Como resultado de esos y otros factores, la cantidad de habitantes que tienen familia indistintamente a uno y otro lado de la frontera es incalculable, fruto de esas condiciones socioeconómicas cambiantes. Incluso, muchos de quienes vienen ahora a Colombia con intensión de radicarse aquí, son de origen o descendencia colombiana y regresan, después de algunos años o décadas, al seno de sus familias. Es cierto que la balanza se inclinó en los últimos tiempos hacia este lado, pero una radiografía más nítida de la situación permitiría ver que la realidad sociopolítica que expresa el flujo fronterizo tiene razones más complejas, y que las cifras distan de manera abismal de las que manipulan para desinformar y agitar fantasmas de crisis humanitarias que solo buscan enemistar a la población. “Los grandes medios instalan una matriz xenófoba en la opinión pública colombiana y mundial, de resentimiento hacia los venezolanos”, se lamenta uno de los participantes de las actividades en San Antonio del Táchira.
Ciudadanía de frontera
Para bajar la tensión a la compleja realidad de la frontera más caliente de América Latina, el Movimiento Binacional por la Paz (Mobipaz), integrado por organizaciones sociales de ambos países, propone el reconocimiento de una “ciudadanía de frontera” que permita a los habitantes de la región, sin distinción de nacionalidad, contar con las mismas garantías para realizar sus actividades sociales y económicas.

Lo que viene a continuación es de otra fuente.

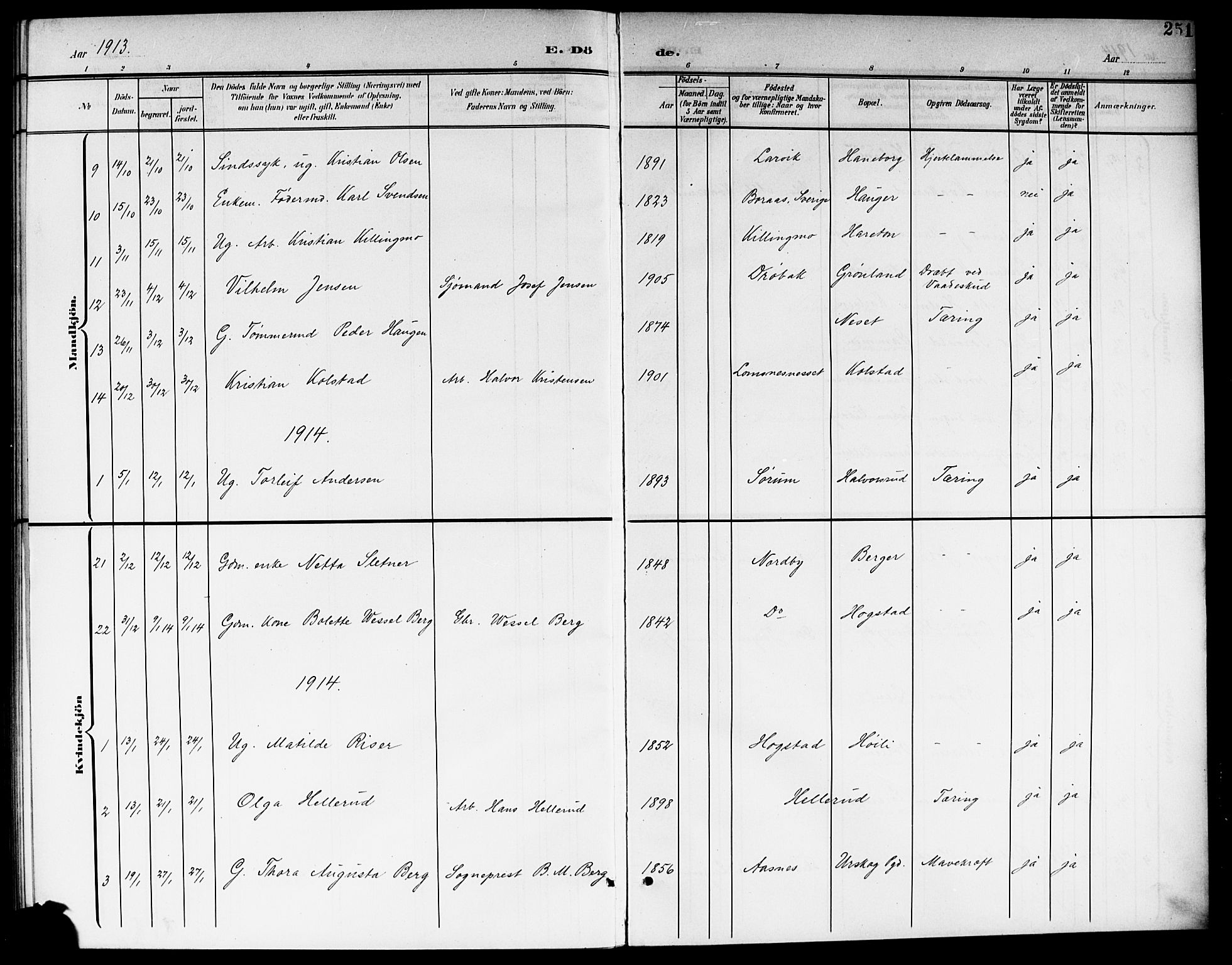 Aurskog prestekontor Kirkebøker, AV/SAO-A-10304a/G/Ga/L0004: Klokkerbok nr. I 4, 1901-1921, s. 251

La realización de la Asamblea Constituyente en Venezuela favoreció que la propuesta, surgida de las bases, se elevara a esa instancia, para ser tenida en cuenta en las reformas que se incorporen a la nueva constitución. Williams Parada es constituyente por el Estado de Táchira y lo mandataron para llevar la iniciativa a las máximas instancias. “Estamos planteando que se cree un estado mayor de frontera, que se garanticen situaciones especiales de frontera como una política de Estado, y que eso quede así establecido en la Constitución. Proponemos una tarjeta de movilidad para todas las zonas de frontera: San Antonio, Zulia, Amazonas, Apure, y sus correspondientes municipios colombianos”, explicó.

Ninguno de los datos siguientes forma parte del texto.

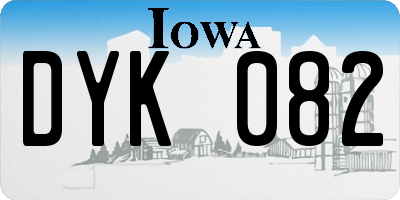 IA license plate DYK082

Del lado colombiano reconocen que la propuesta será más difícil de concretar, porque la voluntad de las autoridades políticas tiene sentido restrictivo, apuntando más a reforzar controles que dividan y menos a la integración. Sin embargo, creen que es el tejido social y no las autoridades quienes pueden aportar soluciones a la situación.
Sebastián Quiroga, del Congreso de los Pueblos de Colombia, marca esa diferenciación: “Si los gobiernos no logran sintonía, debemos lograrla desde el movimiento social. Nuestra política de frontera debe ser la defensa de la soberanía de ambos pueblos con base en el respeto mutuo. En ese sentido, toda iniciativa de confrontación entre ambos estados es peligrosa, por eso estamos trabajando en la integración; estamos convencidos que la paz de Colombia y Venezuela es la paz del continente”.